If these assumptions hold true and the West is seen to be doing a 'dirty deal' with Assad, it would only be a question of time before a number of Islamist oriented Syrians turn on their host societies in Europe or join with those already 'radicalised' or espousing jihadi ideologies for 'betraying' them through their foreign policy.

Such an assessment would then make 'empathy', and so the acceptance of huge numbers of refugees or migrants, suicidal for Europe if they are, in addition, not successfully integrated quickly-and there is no guarantee of that, not least should the EU economies founder further because of a global economic crisis.

In which case, the best course of action would be that which actually ends the war as quickly as possible. Nougayrède offers nothing practical other than 'we must be seen to be doing something' and maintaining the line 'Assad must go'. But even if Assad were 'to go', the consequence would be that ISIS would be strengthened.

Nougayrède seems to believe that 'virtue signalling' could be effective. All it can do is make the West look even more 'hypocritical' is showing that it 'really cares' while,in practice, the only option is, in fact, to tacitly align with Assad and Russia to finish off ISIS and compel Sunni Arab politicians to accept diplomacy.

The Sunni jihadist groups in Northern Syria are not 'moderate rebels' and there is little chance of creating a Third Force between ISIS and Assad on the battlefield. With Turkey having rejected support for Sunni jihadists in the region, they are finished anyway and successive attempts to create a Third Force have failed.

As the war in Syria potentially reaches its gory endgame around Aleppo, the maintenance of both the Syrian and Iraqi states, bolstered by Russia and the USA respectively, would require a peace-once ISIS ( and the jihadists ) have been defeated-that creates autonomous zones for northern Iraq and eastern Syria.

The Sunni Arabs require this because they would have no reason to trust Assad and the promise of this would provide both a homeland for the refugees to return to. The Sykes-Picot border drawn up between Syria and Iraq in 1916 is effectively finished: accepting this would take the sting out of Sunni resentment.

Before official peace talks come into being, there has already been the danger that the Kurds would unilaterally declare Rojava an independent or autonomous state as it did in March 2016. The US had to criticise this to keep Turkey onside as Erdogan has become increasingly concerned about Kurdish irredentism.

Even so, there is no reason why that could not be dealt with later but only as and when the diplomacy hammers out the peace settlement. Doing so before would fracture Iraq and Syria and encourage no end to the fighting. Such 'moderate' Sunni forces as exist need to be mobilised to fight ISIS and assert control over Sunni territories.

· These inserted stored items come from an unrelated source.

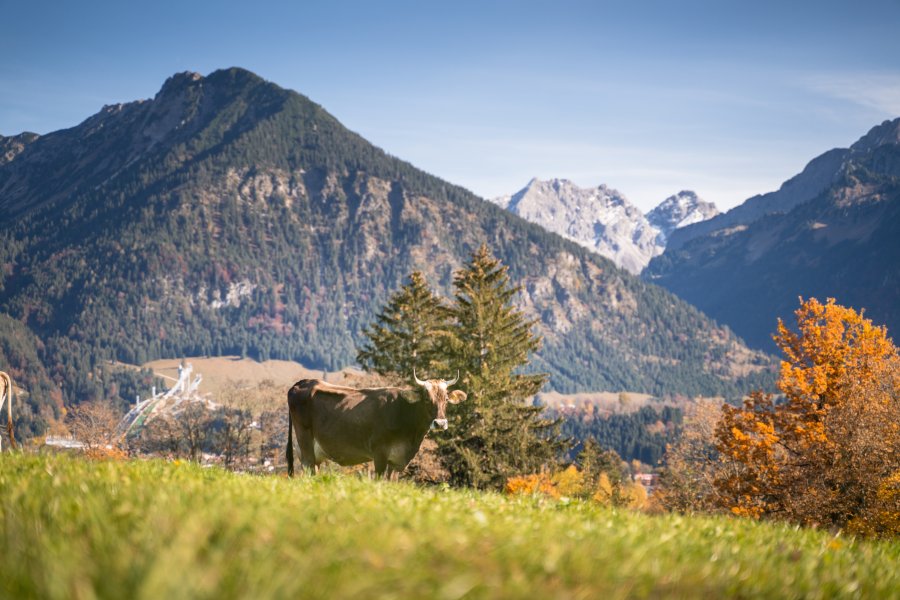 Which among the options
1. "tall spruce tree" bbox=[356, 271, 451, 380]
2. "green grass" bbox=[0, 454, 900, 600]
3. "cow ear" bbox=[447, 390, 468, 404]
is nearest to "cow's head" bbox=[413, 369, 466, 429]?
"cow ear" bbox=[447, 390, 468, 404]

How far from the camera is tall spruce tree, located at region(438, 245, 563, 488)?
38.0m

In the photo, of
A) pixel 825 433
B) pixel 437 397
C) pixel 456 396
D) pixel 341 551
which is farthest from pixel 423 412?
pixel 825 433

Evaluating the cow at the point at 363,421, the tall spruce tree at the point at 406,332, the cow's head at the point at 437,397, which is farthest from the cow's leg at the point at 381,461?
the tall spruce tree at the point at 406,332

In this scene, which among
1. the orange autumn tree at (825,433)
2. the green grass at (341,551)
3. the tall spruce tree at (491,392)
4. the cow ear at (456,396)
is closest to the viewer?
the green grass at (341,551)

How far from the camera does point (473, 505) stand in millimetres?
6859

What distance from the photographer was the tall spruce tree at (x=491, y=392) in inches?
1496

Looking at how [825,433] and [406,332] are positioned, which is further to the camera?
[406,332]

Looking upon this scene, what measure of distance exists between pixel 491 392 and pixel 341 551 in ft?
119

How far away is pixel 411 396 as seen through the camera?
15.5 meters

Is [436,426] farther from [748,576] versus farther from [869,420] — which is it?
[869,420]

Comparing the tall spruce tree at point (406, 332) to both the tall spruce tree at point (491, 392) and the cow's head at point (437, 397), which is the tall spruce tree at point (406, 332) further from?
the cow's head at point (437, 397)

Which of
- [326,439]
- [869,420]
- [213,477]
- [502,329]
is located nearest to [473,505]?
[213,477]

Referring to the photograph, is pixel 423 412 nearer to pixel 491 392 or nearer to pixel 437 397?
pixel 437 397

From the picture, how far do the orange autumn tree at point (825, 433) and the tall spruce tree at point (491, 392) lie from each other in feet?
35.8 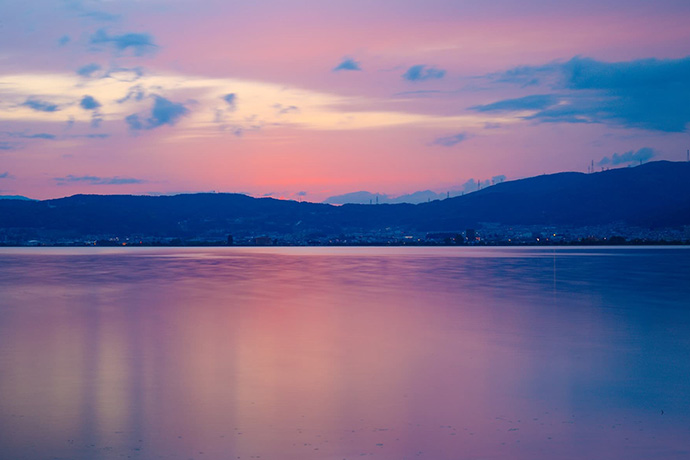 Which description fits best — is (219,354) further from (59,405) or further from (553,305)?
(553,305)

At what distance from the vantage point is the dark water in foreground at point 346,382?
7.77 m

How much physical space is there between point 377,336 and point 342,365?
3958mm

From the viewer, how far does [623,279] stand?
3981cm

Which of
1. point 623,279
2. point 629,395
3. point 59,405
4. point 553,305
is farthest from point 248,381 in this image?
point 623,279

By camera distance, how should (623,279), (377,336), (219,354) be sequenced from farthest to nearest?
(623,279) → (377,336) → (219,354)

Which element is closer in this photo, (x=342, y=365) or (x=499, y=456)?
(x=499, y=456)

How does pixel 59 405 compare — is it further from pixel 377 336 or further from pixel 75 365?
pixel 377 336

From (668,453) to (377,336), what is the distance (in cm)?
978

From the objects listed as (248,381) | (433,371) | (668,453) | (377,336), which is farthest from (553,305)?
(668,453)

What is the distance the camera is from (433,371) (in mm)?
12219

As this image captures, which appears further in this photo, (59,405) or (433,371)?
(433,371)

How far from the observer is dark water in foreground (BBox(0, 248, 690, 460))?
7770 millimetres

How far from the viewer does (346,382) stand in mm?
11305

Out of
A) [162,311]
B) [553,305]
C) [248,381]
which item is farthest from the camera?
[553,305] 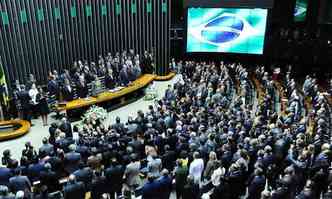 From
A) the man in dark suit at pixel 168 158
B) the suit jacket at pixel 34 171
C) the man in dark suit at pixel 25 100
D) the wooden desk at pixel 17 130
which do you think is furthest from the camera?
the man in dark suit at pixel 25 100

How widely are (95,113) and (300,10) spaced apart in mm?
14974

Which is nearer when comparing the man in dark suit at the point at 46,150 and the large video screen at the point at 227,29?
the man in dark suit at the point at 46,150

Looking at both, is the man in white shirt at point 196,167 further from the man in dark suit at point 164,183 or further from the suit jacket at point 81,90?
the suit jacket at point 81,90

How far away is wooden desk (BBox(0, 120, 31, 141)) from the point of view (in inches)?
549

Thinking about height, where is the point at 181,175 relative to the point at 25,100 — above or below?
below

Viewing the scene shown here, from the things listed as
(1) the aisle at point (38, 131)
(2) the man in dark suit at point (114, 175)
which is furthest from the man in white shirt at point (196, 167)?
(1) the aisle at point (38, 131)

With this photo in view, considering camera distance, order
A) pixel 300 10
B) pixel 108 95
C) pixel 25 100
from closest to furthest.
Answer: pixel 25 100 < pixel 108 95 < pixel 300 10

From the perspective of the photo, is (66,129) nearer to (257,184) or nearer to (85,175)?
(85,175)

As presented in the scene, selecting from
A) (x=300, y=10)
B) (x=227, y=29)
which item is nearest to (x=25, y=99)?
(x=227, y=29)

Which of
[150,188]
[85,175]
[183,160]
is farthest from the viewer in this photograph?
[183,160]

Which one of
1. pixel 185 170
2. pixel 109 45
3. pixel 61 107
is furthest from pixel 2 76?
pixel 185 170

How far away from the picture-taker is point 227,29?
22766 mm

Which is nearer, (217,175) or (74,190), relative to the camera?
(74,190)

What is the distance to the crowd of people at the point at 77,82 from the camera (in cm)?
1502
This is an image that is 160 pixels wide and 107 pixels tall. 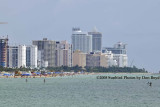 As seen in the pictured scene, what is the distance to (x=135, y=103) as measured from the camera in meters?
110

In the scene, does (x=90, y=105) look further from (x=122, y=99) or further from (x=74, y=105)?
(x=122, y=99)

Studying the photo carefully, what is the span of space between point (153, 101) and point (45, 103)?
21.0 metres

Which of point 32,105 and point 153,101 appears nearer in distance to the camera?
point 32,105

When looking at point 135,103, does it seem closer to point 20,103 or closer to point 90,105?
point 90,105

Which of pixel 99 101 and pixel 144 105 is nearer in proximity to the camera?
pixel 144 105

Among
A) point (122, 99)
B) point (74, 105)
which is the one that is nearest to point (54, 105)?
point (74, 105)

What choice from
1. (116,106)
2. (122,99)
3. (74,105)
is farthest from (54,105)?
(122,99)

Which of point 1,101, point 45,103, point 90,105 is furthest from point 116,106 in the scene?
point 1,101

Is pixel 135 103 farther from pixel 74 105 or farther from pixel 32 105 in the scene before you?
pixel 32 105

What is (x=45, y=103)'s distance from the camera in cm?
10831

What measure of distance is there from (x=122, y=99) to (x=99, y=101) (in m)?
6.57

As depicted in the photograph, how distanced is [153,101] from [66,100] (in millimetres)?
16357

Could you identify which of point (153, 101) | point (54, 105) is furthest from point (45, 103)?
point (153, 101)

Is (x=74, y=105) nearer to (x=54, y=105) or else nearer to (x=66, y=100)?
(x=54, y=105) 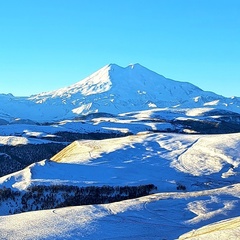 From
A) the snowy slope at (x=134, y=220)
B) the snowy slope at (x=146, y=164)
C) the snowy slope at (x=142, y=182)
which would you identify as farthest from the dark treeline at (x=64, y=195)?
the snowy slope at (x=134, y=220)

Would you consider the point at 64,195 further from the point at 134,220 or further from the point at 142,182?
the point at 134,220

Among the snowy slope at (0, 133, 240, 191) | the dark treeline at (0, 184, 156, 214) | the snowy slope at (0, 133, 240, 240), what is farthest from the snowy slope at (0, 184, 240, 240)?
the snowy slope at (0, 133, 240, 191)

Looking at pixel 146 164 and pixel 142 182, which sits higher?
pixel 146 164

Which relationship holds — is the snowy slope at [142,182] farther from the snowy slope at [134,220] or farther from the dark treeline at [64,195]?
the dark treeline at [64,195]

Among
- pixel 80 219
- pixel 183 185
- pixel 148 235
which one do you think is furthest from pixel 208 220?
pixel 183 185

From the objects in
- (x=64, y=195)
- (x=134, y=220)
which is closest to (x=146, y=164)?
(x=64, y=195)

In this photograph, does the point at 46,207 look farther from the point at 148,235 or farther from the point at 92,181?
the point at 148,235

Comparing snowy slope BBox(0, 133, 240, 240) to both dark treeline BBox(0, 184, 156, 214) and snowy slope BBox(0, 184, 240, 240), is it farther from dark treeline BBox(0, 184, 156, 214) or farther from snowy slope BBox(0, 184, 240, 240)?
dark treeline BBox(0, 184, 156, 214) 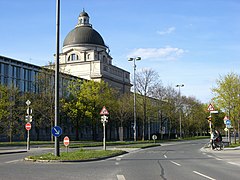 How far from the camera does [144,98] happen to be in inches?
2431

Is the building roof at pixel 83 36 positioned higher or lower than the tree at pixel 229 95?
higher

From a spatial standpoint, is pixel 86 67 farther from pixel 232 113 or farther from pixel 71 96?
pixel 232 113

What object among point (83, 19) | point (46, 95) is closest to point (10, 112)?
point (46, 95)

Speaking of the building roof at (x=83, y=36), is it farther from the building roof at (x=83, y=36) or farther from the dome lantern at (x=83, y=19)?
the dome lantern at (x=83, y=19)

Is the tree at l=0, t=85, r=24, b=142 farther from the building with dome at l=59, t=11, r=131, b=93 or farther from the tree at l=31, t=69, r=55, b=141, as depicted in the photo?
the building with dome at l=59, t=11, r=131, b=93

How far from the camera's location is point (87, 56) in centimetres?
10544

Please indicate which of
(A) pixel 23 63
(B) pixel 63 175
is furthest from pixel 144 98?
(B) pixel 63 175

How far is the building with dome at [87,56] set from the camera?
103 m

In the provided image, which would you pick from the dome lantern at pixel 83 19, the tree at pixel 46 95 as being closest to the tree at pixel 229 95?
the tree at pixel 46 95

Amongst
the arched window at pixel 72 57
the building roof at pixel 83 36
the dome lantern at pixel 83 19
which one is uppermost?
the dome lantern at pixel 83 19

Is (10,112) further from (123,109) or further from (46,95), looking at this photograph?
(123,109)

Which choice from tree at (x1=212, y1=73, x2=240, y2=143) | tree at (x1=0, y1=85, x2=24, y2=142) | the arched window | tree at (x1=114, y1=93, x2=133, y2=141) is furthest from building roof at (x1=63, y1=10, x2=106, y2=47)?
tree at (x1=212, y1=73, x2=240, y2=143)

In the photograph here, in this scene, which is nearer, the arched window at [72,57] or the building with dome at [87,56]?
the building with dome at [87,56]

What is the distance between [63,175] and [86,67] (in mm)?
92230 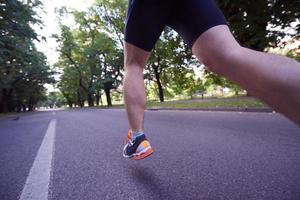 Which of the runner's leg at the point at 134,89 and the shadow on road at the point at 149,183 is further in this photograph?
the runner's leg at the point at 134,89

Nougayrède seems clueless as to basic geopolitical realities and living in a 1990s timewarp like Hillary Clinton ). Russian participation in this strategy is vital because only Moscow could persuade Tehran to reach a regional peace agreement to end the proxy war and without Russia, Assad may not want to cede control over territory.

By working in strategic partnership with Russia, not only do the Western Powers stand far more chance of ending the war in and over Syria, they would show they respect Russia's international status and this would assist in lessening tensions across the Black Sea in another strategic energy corridor-Ukraine.

But, of course, much Western policy at present is based on virtue signalling and an inability to come to terms with the passing of the US unipolar and hyper power era that briefly existed between the end of the Cold War in 1990 and the onset of the disastrous Iraq War. Even if the neoconservatives are rejected, the arrogance of US 'exceptionalism' has not.